### PROBLEM DETAILS
Print only the lines running from the line with "西側洋室の新規エアコン" to the final line below, both included, exactly as written and without the pictures.

╔══

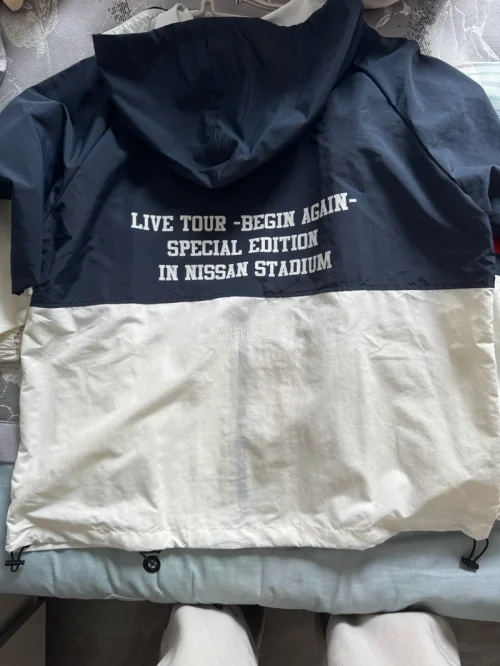 终于在淘到梦情18年日产演唱会外套。那年横滨日产体育场大雨里的舞台始终难忘，时隔多年收到，当年红海与雨中舞台历历在目，珍贵周边总算平安到手，往后好好珍藏属于允浩和昌珉的日产回忆～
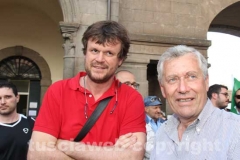 Il centrosinistra festeggia a piazza del comune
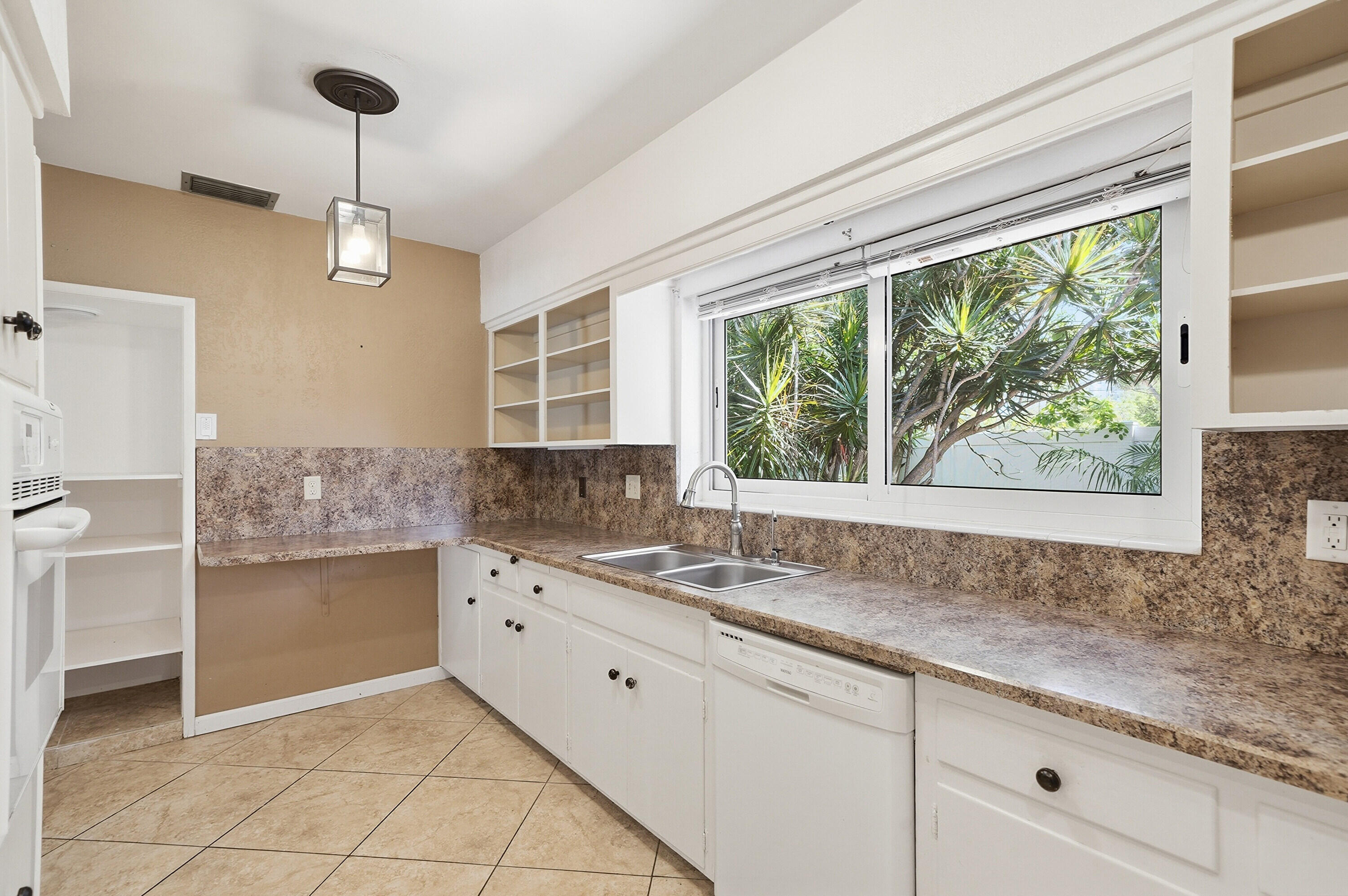 PALM CLUB CO-OP - Residential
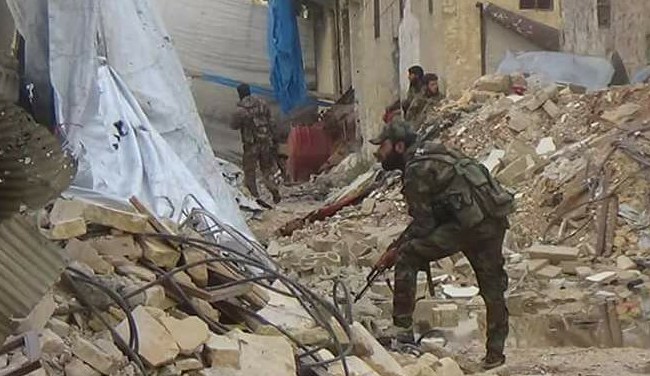 Quân đội Syria chia cắt lực lượng thánh chiến trong khu phố cổ Aleppo - VIDEO Binh sĩ quân đội Syria chiến đấu trên khu phố cổ Aleppo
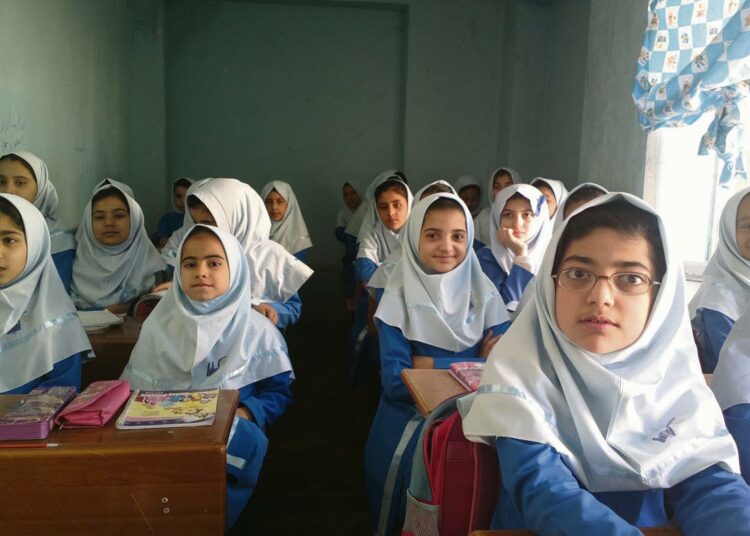 Varsinkin tyttöjen koulunkäynnin tiellä on paljon esteitä, mutta toiset ovat oivaltaneet, että koulutus on avain parempaan elämään.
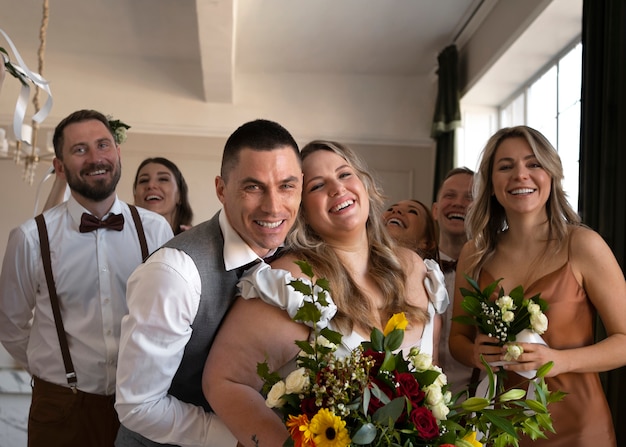 Foto gratuita novia y novio felices con la gente en la ceremonia de boda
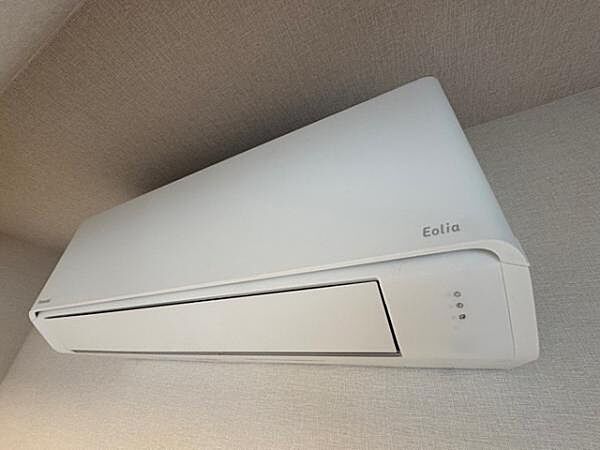 西側洋室の新規エアコン
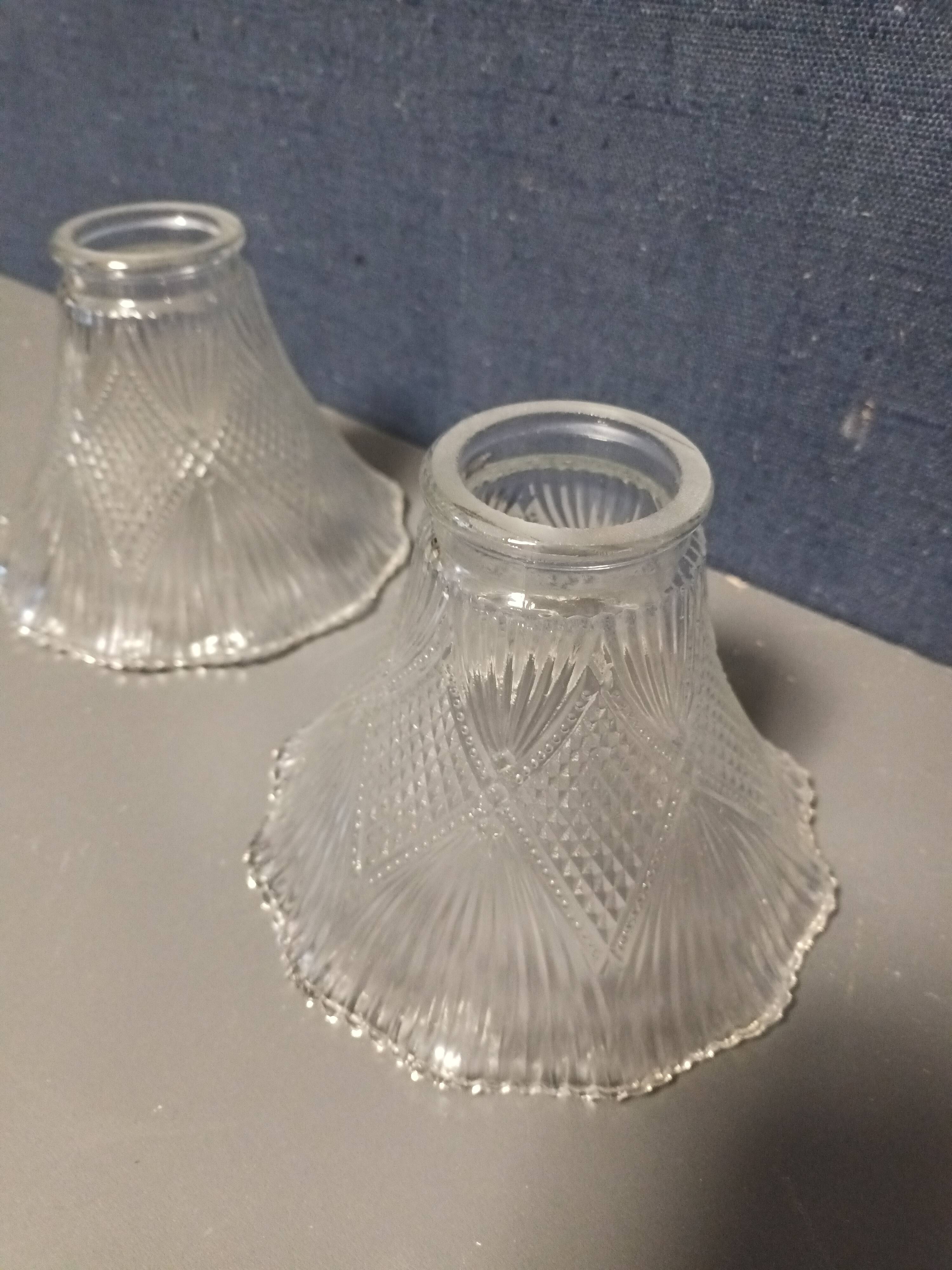 Tulip chiseled white glass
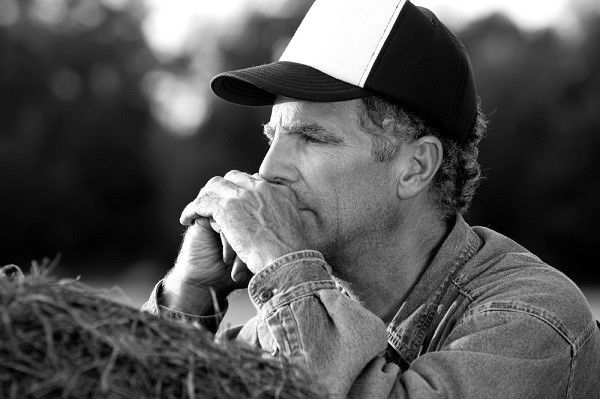 کشاورزان افسرده، در معرض بیشتر خطر خودکشی/ افزایش 90 درصدی احتمال افسردگی با قرارگرفتن در معرض آفت‌کش‌ها/ ایجاد خط تلفن 24 ساعته برای کمک به کشاورزان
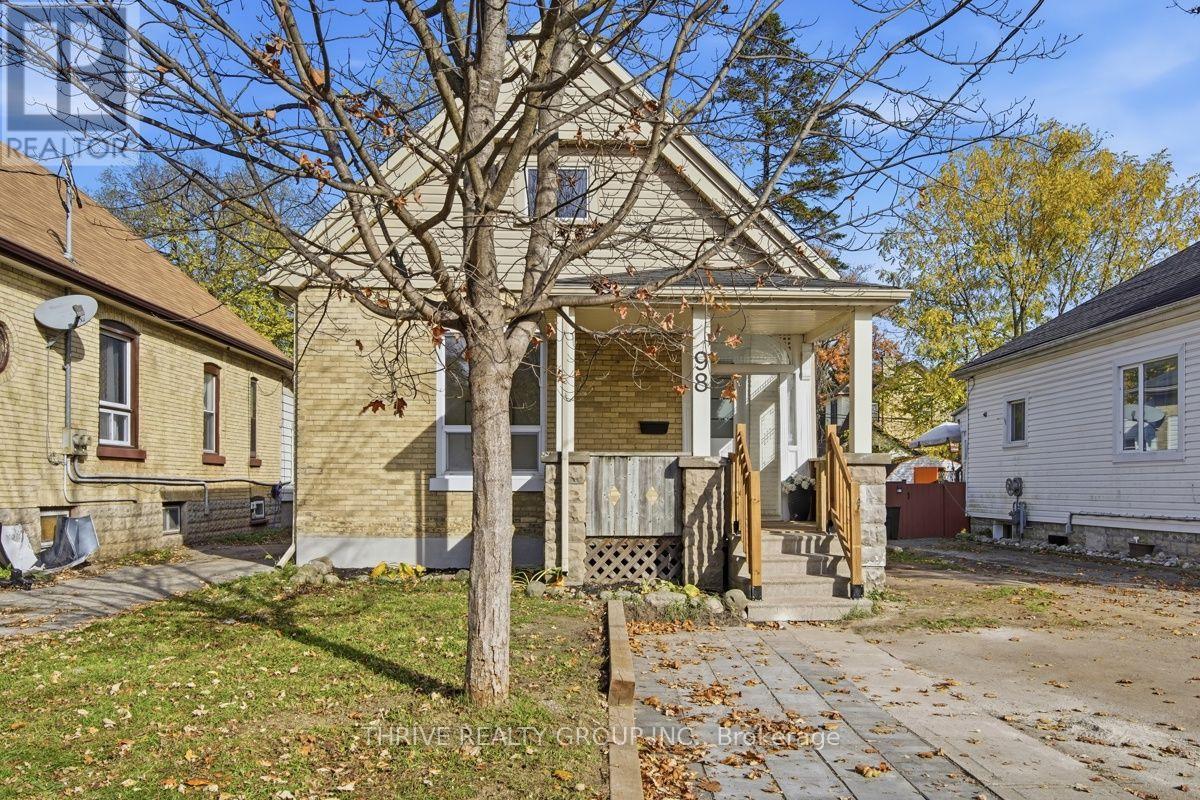 98 Mamelon Street E, London East (East L), Ontario  N5Z 1Y1 - Photo 2 - X14123344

╚══

### SOLUTION TO THE PROBLEM
 西側洋室の新規エアコン
 Tulip chiseled white glass
 کشاورزان افسرده، در معرض بیشتر خطر خودکشی/ افزایش 90 درصدی احتمال افسردگی با قرارگرفتن در معرض آفت‌کش‌ها/ ایجاد خط تلفن 24 ساعته برای کمک به کشاورزان
 98 Mamelon Street E, London East (East L), Ontario  N5Z 1Y1 - Photo 2 - X14123344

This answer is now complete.